## [Brief descriptive captions]
───
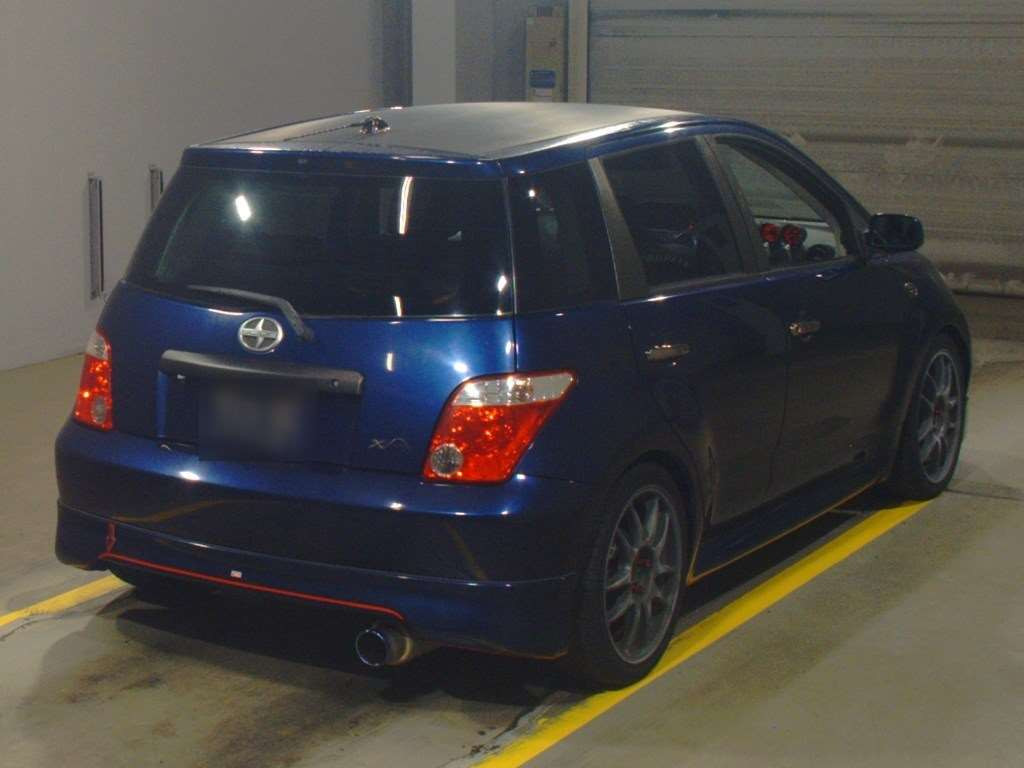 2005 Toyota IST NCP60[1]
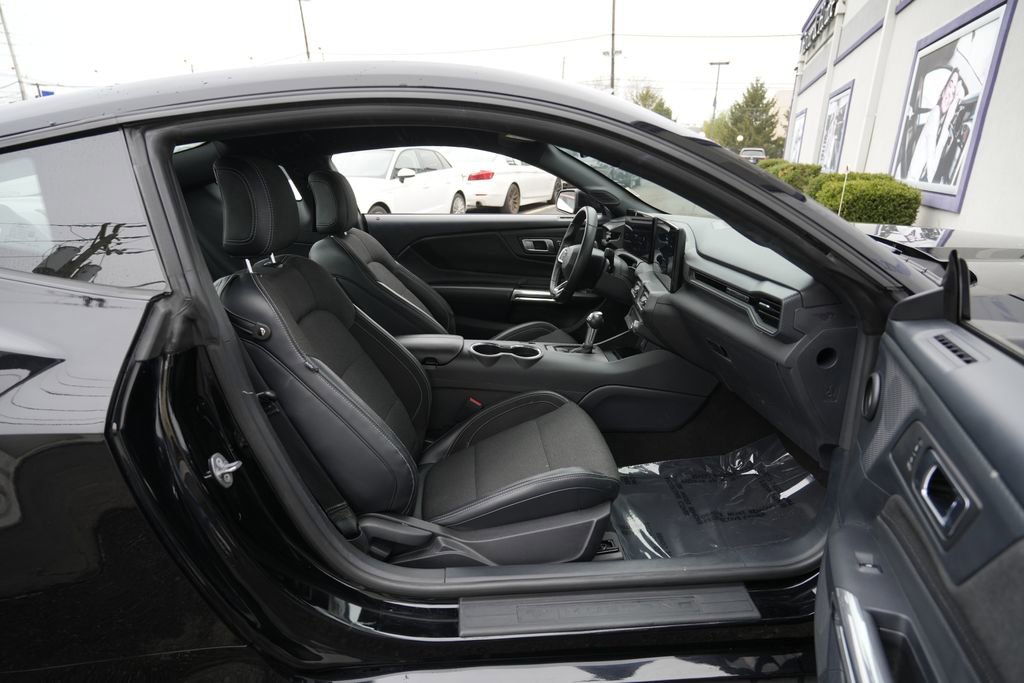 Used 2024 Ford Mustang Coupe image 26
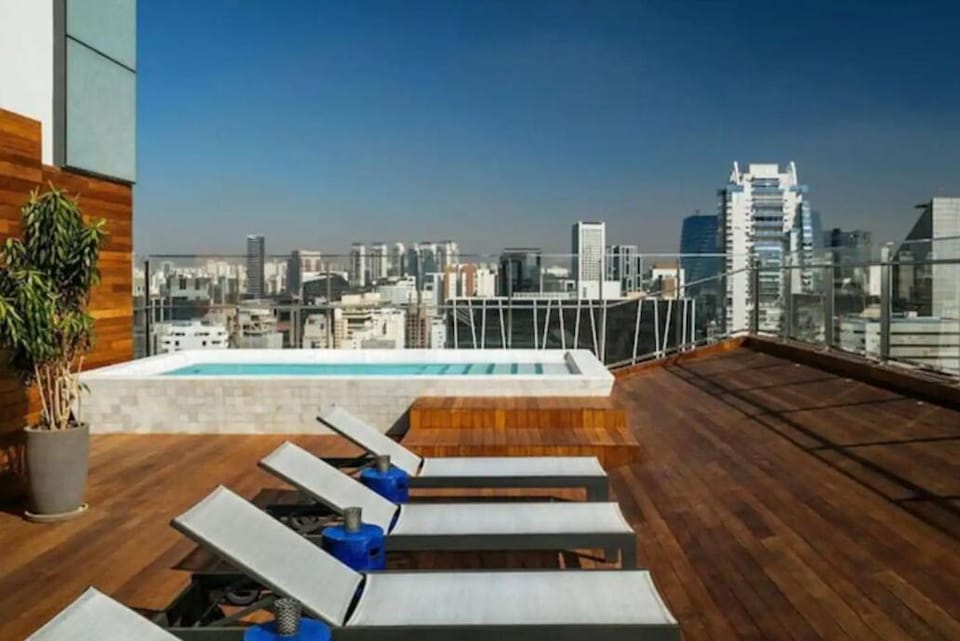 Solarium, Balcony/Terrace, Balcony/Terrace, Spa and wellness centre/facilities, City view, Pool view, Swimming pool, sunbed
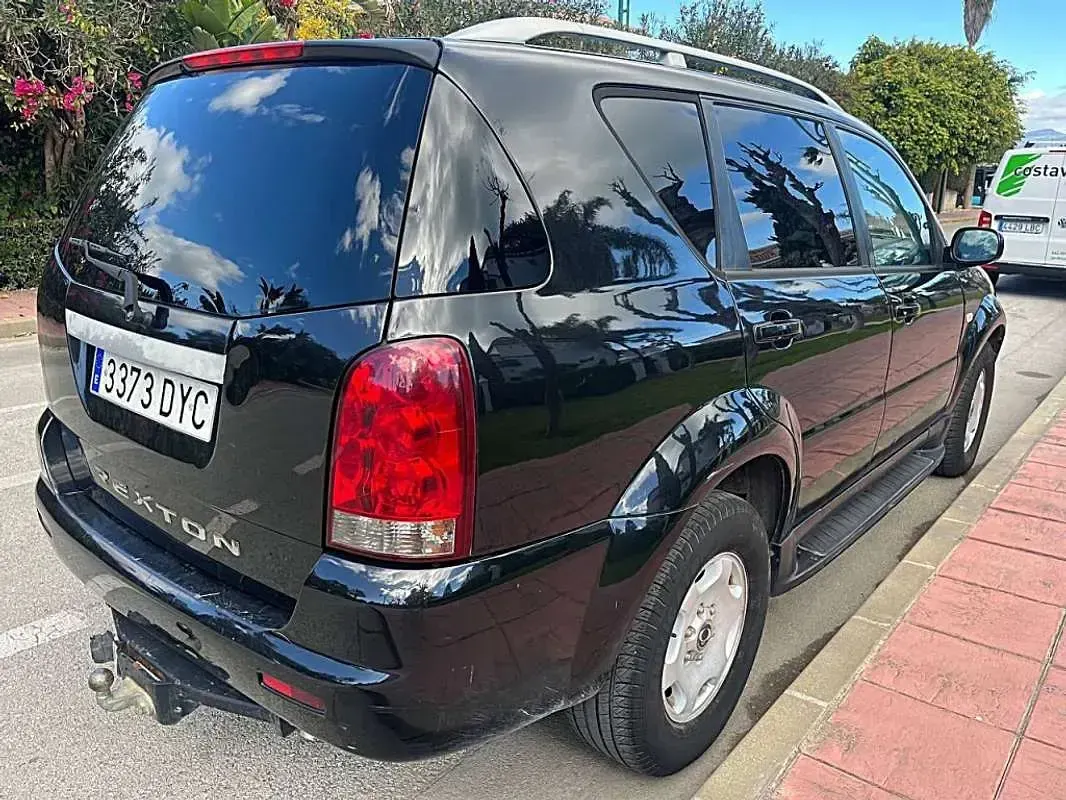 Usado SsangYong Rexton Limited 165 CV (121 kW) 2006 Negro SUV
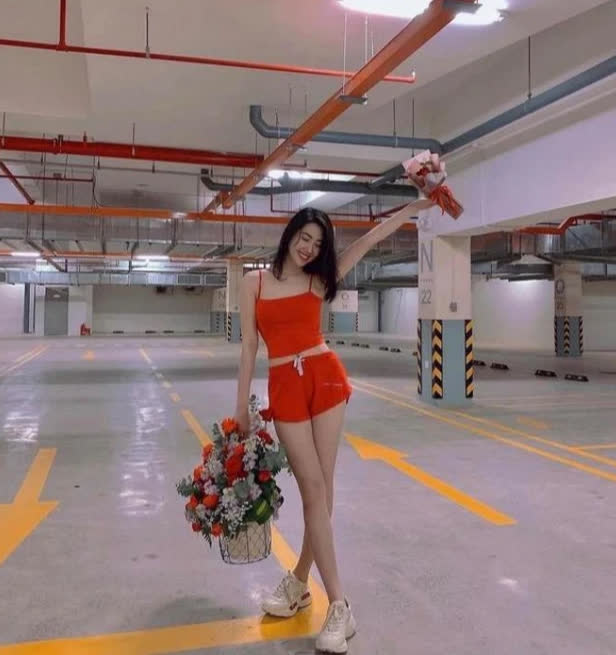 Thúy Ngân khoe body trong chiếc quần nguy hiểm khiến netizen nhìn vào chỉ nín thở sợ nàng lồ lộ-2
───
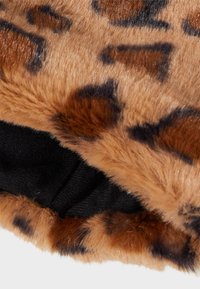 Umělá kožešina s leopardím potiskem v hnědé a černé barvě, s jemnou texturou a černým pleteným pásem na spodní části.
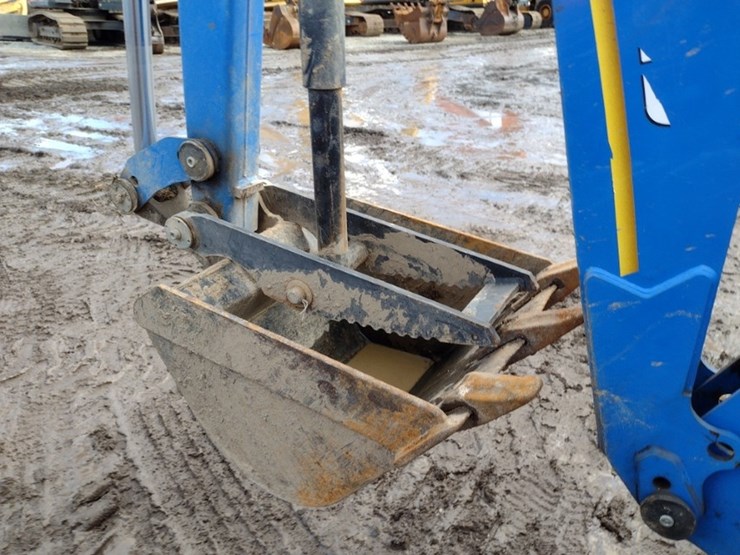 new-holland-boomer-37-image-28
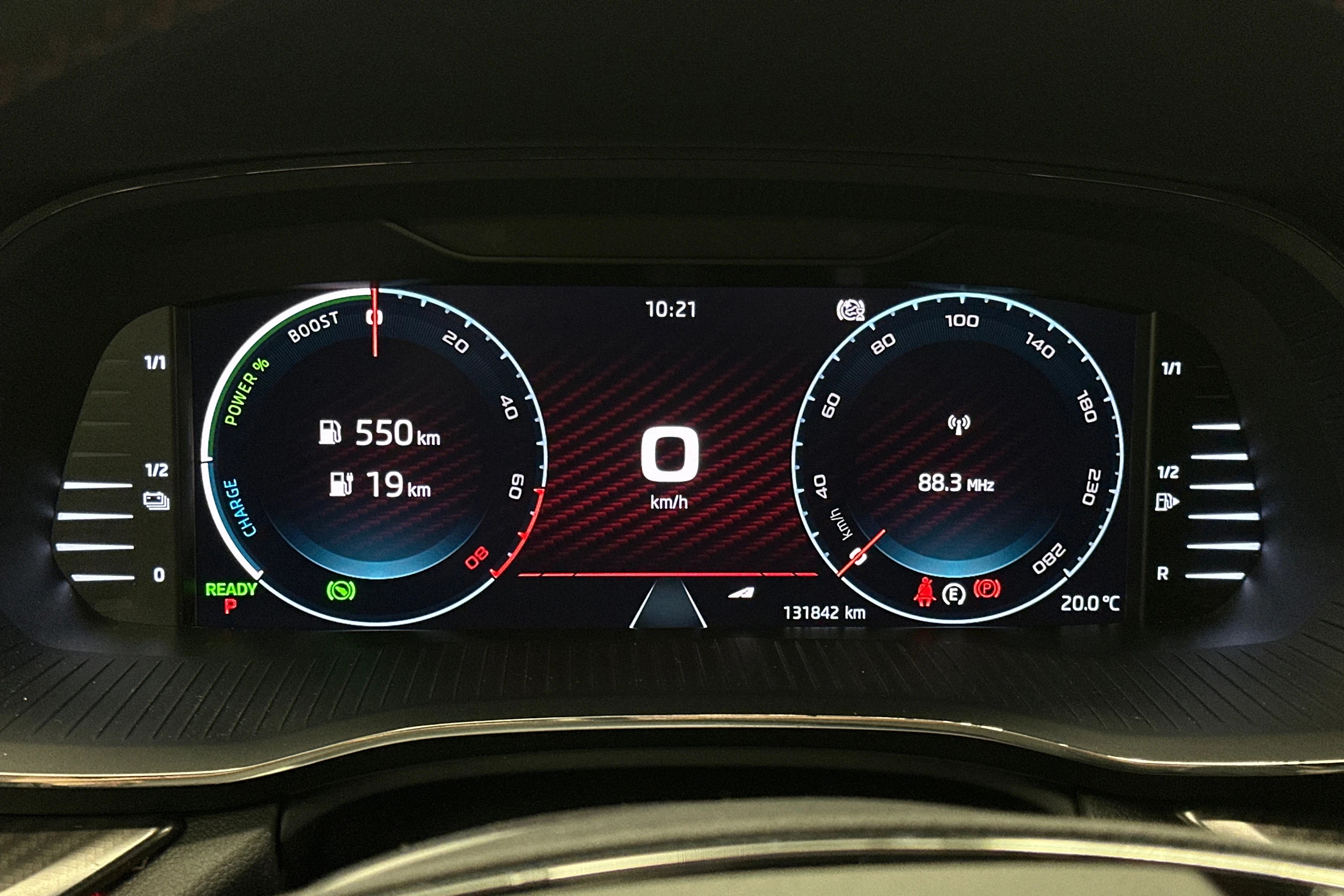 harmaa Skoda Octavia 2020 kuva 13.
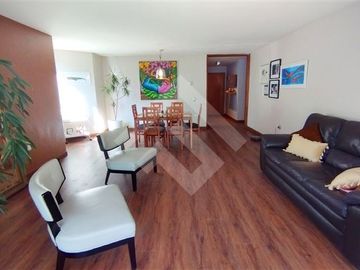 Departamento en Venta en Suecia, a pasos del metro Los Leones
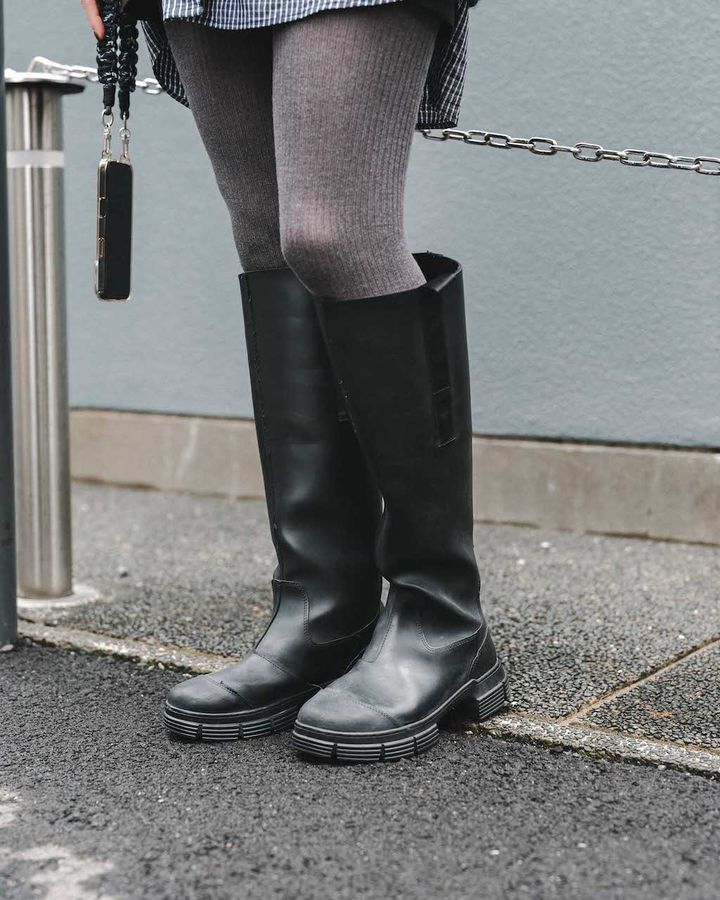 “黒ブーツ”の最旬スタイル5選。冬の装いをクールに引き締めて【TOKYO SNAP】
───
## [EXERCISE GOAL]
Nothing outside the stretch above, from the line with "2005 Toyota IST NCP60[1]" through the line with "Thúy Ngân khoe", is set down. Transcribe that stretch exactly, ends included, but not its pictures.

## [TASK ANSWER]
 2005 Toyota IST NCP60[1]
 Used 2024 Ford Mustang Coupe image 26
 Solarium, Balcony/Terrace, Balcony/Terrace, Spa and wellness centre/facilities, City view, Pool view, Swimming pool, sunbed
 Usado SsangYong Rexton Limited 165 CV (121 kW) 2006 Negro SUV
 Thúy Ngân khoe body trong chiếc quần nguy hiểm khiến netizen nhìn vào chỉ nín thở sợ nàng lồ lộ-2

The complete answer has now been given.